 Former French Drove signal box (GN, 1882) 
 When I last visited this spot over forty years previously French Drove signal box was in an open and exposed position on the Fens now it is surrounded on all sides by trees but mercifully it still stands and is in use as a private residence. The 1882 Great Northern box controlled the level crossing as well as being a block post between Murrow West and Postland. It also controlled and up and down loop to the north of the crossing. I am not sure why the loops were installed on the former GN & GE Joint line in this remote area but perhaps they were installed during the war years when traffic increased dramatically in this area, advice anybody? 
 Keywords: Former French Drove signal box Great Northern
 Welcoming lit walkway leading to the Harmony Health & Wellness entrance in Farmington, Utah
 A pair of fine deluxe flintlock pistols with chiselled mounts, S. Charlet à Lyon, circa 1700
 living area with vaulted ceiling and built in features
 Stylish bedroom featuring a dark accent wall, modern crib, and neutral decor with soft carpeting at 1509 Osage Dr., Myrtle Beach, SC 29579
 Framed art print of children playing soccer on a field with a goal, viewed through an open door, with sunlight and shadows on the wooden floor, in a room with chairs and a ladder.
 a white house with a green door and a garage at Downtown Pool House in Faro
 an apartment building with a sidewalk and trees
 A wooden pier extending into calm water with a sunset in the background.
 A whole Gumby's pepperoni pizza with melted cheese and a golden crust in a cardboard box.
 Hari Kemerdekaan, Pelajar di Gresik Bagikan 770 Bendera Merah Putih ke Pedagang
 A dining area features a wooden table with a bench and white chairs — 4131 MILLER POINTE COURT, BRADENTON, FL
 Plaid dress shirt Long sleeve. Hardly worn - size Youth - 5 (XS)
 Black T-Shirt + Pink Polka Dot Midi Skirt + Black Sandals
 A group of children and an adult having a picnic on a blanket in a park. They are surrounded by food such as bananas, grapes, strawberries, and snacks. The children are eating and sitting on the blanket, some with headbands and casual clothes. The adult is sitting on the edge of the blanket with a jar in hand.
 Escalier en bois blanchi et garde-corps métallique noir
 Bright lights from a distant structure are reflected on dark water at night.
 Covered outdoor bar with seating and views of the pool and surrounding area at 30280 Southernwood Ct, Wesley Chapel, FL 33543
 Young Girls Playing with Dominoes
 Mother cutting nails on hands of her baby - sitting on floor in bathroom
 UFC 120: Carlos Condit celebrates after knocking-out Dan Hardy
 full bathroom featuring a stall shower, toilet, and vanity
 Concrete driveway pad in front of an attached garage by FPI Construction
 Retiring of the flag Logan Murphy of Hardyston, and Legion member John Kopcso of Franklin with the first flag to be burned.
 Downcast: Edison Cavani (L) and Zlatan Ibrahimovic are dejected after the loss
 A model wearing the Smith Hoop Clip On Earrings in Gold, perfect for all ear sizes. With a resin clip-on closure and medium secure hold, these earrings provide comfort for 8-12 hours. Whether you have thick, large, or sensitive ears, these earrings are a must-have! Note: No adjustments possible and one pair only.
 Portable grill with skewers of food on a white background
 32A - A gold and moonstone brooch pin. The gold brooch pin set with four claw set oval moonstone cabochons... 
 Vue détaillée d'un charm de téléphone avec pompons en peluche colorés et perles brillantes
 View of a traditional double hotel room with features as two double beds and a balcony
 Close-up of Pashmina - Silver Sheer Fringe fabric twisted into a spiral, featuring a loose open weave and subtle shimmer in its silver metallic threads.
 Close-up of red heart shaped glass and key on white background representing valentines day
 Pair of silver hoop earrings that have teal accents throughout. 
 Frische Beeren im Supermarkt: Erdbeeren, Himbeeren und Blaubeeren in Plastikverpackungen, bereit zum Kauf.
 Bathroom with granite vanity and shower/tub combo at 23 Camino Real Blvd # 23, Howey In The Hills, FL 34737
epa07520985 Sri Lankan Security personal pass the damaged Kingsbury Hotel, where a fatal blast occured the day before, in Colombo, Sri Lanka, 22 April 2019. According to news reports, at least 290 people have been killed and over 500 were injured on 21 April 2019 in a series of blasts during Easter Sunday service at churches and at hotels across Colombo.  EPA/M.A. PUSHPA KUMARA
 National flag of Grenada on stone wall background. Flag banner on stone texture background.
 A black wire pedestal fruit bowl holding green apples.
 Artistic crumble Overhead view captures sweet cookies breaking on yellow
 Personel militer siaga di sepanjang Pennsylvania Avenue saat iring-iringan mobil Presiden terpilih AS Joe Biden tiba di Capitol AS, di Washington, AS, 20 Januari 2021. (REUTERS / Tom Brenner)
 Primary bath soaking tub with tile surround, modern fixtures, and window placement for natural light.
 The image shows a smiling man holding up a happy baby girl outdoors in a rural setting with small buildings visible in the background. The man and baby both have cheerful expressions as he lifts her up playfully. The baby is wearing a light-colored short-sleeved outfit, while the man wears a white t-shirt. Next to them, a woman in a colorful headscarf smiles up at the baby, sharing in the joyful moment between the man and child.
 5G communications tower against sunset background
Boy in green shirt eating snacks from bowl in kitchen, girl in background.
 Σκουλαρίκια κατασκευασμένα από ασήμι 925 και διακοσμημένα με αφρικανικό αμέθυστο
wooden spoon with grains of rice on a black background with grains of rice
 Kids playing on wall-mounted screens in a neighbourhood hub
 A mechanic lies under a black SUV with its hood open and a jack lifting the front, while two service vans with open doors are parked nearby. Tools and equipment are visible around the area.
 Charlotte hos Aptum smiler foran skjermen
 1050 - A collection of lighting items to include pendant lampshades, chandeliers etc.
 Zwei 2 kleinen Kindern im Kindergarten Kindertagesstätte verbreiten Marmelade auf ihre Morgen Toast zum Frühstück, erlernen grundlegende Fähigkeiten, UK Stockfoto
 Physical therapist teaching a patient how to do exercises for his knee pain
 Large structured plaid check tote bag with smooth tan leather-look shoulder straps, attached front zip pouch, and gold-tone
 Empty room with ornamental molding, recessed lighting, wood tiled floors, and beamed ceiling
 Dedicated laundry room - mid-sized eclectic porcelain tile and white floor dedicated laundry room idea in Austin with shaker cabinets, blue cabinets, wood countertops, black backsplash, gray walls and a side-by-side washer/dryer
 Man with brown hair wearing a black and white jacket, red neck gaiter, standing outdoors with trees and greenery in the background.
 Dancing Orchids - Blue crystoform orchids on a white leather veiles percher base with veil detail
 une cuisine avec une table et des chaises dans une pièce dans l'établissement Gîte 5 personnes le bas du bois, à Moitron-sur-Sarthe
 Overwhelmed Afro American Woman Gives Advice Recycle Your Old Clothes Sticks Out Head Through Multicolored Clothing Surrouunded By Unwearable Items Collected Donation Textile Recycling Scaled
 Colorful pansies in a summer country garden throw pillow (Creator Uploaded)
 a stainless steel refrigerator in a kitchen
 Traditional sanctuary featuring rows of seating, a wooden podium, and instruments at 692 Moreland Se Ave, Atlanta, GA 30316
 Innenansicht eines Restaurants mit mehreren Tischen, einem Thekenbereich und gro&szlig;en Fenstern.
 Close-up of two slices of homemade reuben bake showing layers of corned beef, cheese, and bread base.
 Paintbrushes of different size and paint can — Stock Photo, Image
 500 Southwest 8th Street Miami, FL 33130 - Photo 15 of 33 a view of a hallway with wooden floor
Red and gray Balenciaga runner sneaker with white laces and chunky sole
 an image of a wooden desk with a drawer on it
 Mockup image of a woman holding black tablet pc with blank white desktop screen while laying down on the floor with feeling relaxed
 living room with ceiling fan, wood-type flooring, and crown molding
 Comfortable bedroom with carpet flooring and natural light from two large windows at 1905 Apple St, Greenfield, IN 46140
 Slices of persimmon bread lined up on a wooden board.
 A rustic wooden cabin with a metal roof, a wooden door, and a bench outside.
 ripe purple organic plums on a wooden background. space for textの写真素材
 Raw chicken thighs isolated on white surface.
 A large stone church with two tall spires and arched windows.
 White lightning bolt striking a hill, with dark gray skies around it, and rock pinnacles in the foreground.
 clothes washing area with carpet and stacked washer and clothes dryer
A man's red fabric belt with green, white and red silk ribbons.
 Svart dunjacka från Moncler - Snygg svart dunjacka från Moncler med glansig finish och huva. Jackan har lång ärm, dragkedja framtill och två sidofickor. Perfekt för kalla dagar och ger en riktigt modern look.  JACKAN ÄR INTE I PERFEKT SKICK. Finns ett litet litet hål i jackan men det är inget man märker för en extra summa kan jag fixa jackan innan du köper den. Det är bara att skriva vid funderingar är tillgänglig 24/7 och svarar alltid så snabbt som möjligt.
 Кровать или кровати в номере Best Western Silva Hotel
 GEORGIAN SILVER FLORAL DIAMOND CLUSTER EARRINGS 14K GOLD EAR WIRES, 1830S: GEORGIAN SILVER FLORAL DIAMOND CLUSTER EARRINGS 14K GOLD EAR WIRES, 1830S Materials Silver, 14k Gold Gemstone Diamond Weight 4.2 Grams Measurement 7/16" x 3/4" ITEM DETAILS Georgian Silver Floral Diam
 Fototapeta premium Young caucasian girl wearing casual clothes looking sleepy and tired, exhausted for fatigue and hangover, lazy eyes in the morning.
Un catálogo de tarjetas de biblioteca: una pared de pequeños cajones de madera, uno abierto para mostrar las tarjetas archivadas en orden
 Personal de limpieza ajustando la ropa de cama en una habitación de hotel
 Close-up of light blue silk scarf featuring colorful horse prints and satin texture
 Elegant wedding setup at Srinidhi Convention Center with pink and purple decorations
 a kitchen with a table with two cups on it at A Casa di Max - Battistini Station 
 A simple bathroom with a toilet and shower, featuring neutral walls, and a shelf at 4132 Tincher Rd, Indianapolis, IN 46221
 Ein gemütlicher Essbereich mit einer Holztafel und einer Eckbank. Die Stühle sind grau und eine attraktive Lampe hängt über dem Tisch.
———
» **Problem statement**
In the records above, the line with "Charlotte hos Aptum smiler foran skjermen" marks the start and the line with "Empty room with" marks the end; copy that stretch exactly, both lines included, and nothing else.

» **Response**
 Charlotte hos Aptum smiler foran skjermen
 1050 - A collection of lighting items to include pendant lampshades, chandeliers etc.
 Zwei 2 kleinen Kindern im Kindergarten Kindertagesstätte verbreiten Marmelade auf ihre Morgen Toast zum Frühstück, erlernen grundlegende Fähigkeiten, UK Stockfoto
 Physical therapist teaching a patient how to do exercises for his knee pain
 Large structured plaid check tote bag with smooth tan leather-look shoulder straps, attached front zip pouch, and gold-tone
 Empty room with ornamental molding, recessed lighting, wood tiled floors, and beamed ceiling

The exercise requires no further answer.